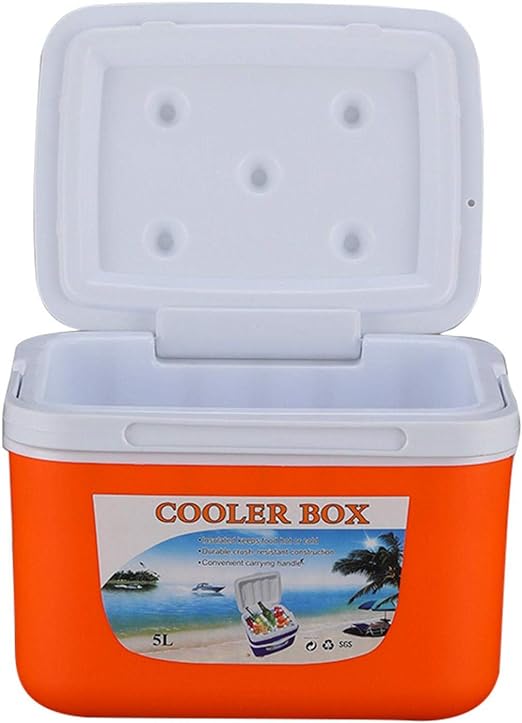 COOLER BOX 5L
****
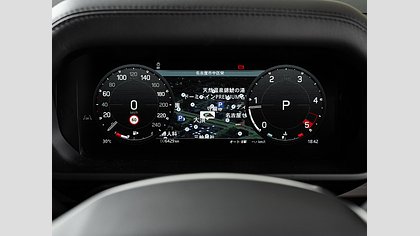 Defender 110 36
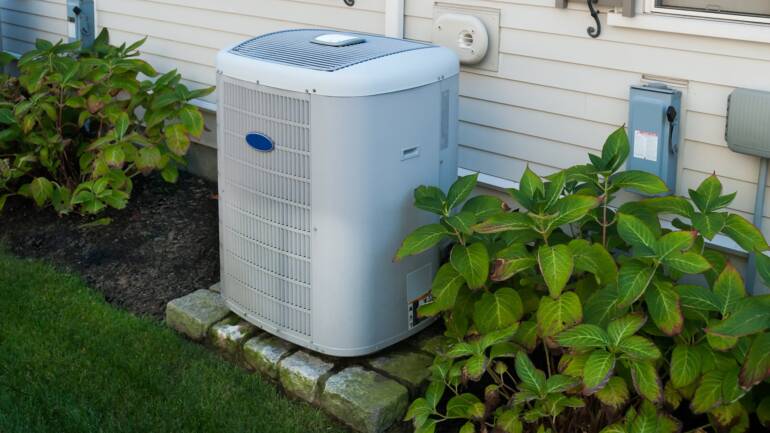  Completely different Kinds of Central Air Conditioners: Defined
****
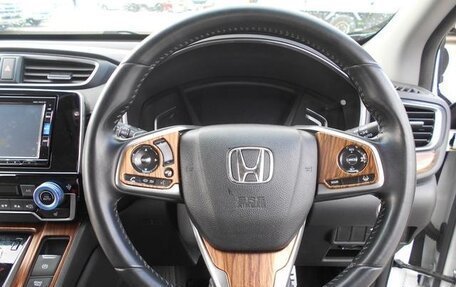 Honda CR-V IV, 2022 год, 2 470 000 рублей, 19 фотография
****
**What is expected:**
Copy the listing above exactly, but only from the line with "Defender 110 36" through the line with "Completely different Kinds", including those two lines and excluding any picture.

**Response area:**
 Defender 110 36
  Completely different Kinds of Central Air Conditioners: Defined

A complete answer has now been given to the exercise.